## DATA TO PROCESS
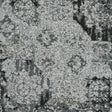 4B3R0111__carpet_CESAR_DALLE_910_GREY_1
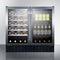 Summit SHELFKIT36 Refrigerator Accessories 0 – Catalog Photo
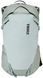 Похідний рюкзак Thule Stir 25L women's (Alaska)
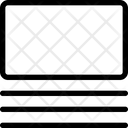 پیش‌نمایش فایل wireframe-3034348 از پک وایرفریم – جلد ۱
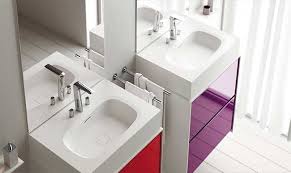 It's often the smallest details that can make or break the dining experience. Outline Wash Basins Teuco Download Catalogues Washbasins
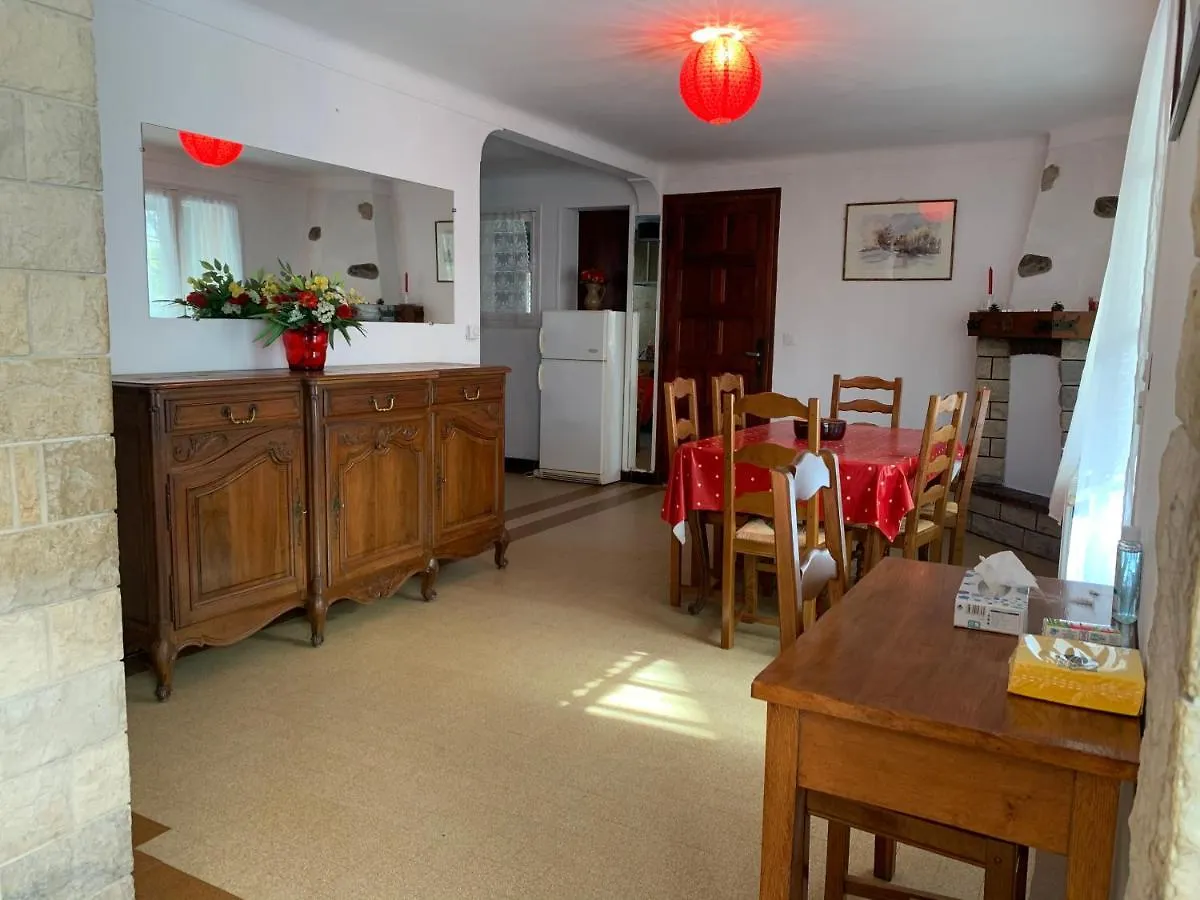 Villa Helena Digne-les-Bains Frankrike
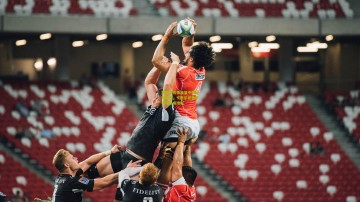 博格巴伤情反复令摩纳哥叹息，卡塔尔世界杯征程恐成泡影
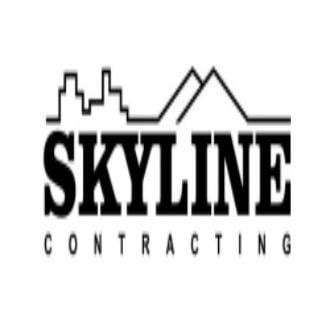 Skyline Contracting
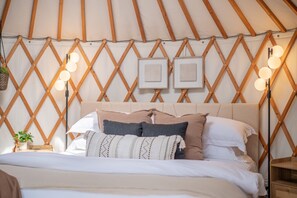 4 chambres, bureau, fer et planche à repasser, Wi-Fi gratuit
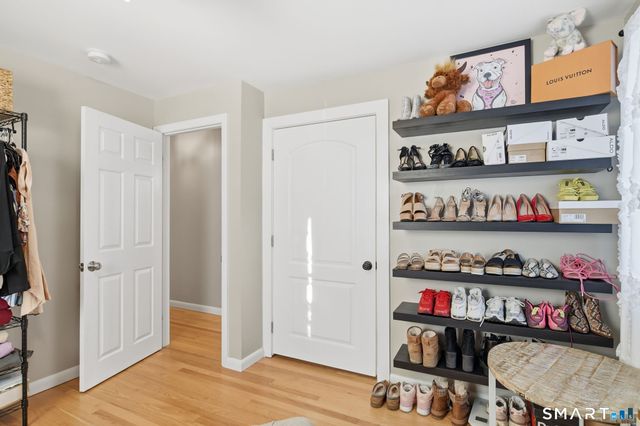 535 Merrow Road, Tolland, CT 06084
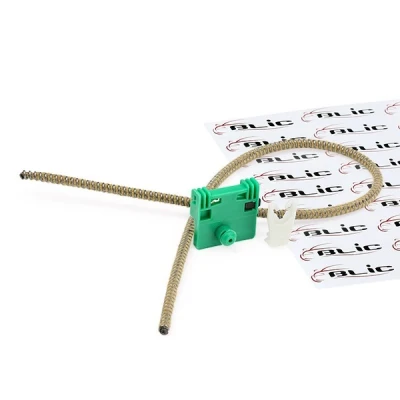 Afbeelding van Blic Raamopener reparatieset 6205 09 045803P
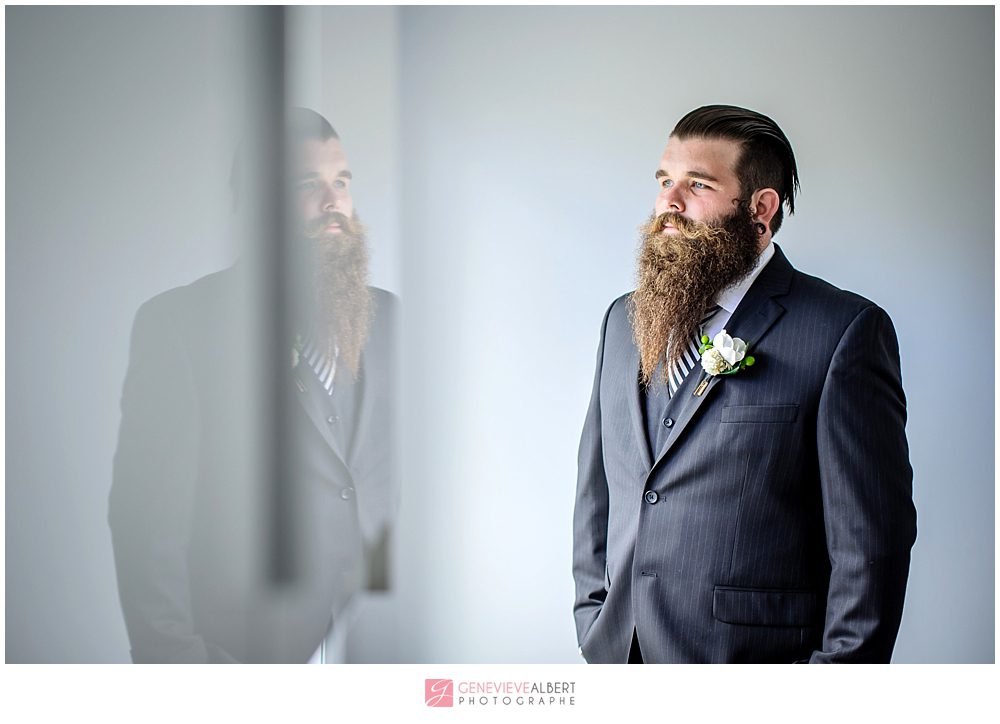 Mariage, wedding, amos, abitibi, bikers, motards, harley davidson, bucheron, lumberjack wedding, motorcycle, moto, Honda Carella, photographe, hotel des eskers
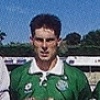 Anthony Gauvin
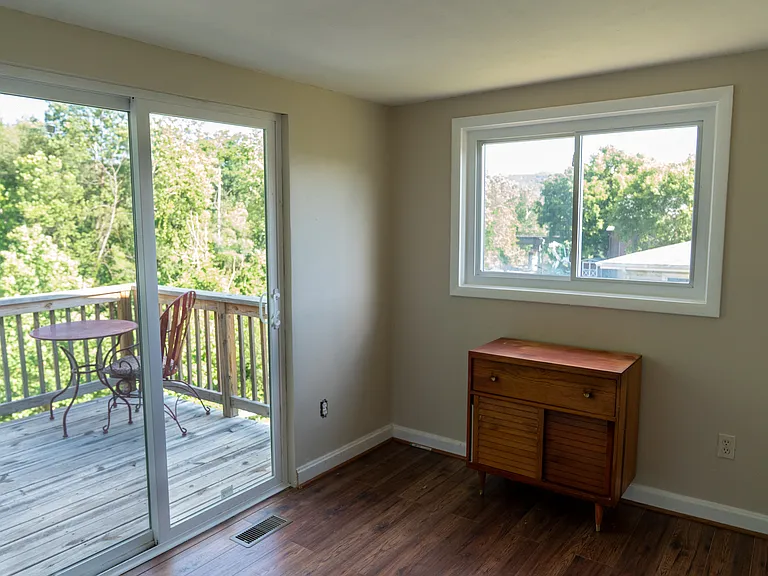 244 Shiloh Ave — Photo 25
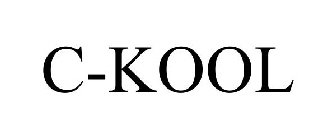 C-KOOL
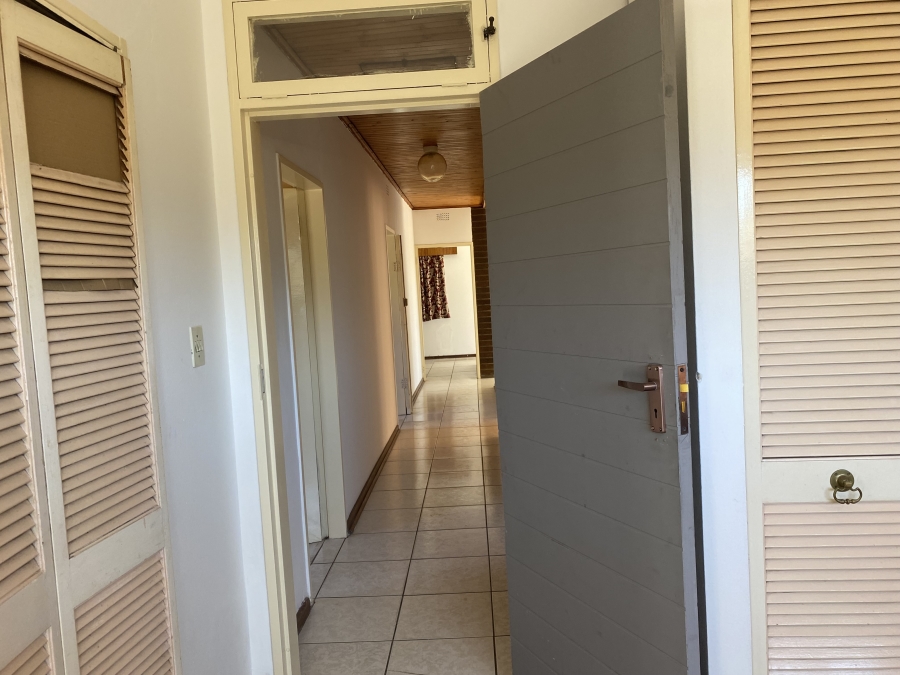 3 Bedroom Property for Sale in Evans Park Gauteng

## WHAT IS EXPECTED
Your reply should contain only an exact copy of the lines from the beginning of the material through the line with "Afbeelding van Blic", both ends included, with the pictures removed.

## SOLUTION TO THE EXERCISE
 4B3R0111__carpet_CESAR_DALLE_910_GREY_1
 Summit SHELFKIT36 Refrigerator Accessories 0 – Catalog Photo
 Похідний рюкзак Thule Stir 25L women's (Alaska)
 پیش‌نمایش فایل wireframe-3034348 از پک وایرفریم – جلد ۱
 It's often the smallest details that can make or break the dining experience. Outline Wash Basins Teuco Download Catalogues Washbasins
 Villa Helena Digne-les-Bains Frankrike
 博格巴伤情反复令摩纳哥叹息，卡塔尔世界杯征程恐成泡影
 Skyline Contracting
 4 chambres, bureau, fer et planche à repasser, Wi-Fi gratuit
 535 Merrow Road, Tolland, CT 06084
 Afbeelding van Blic Raamopener reparatieset 6205 09 045803P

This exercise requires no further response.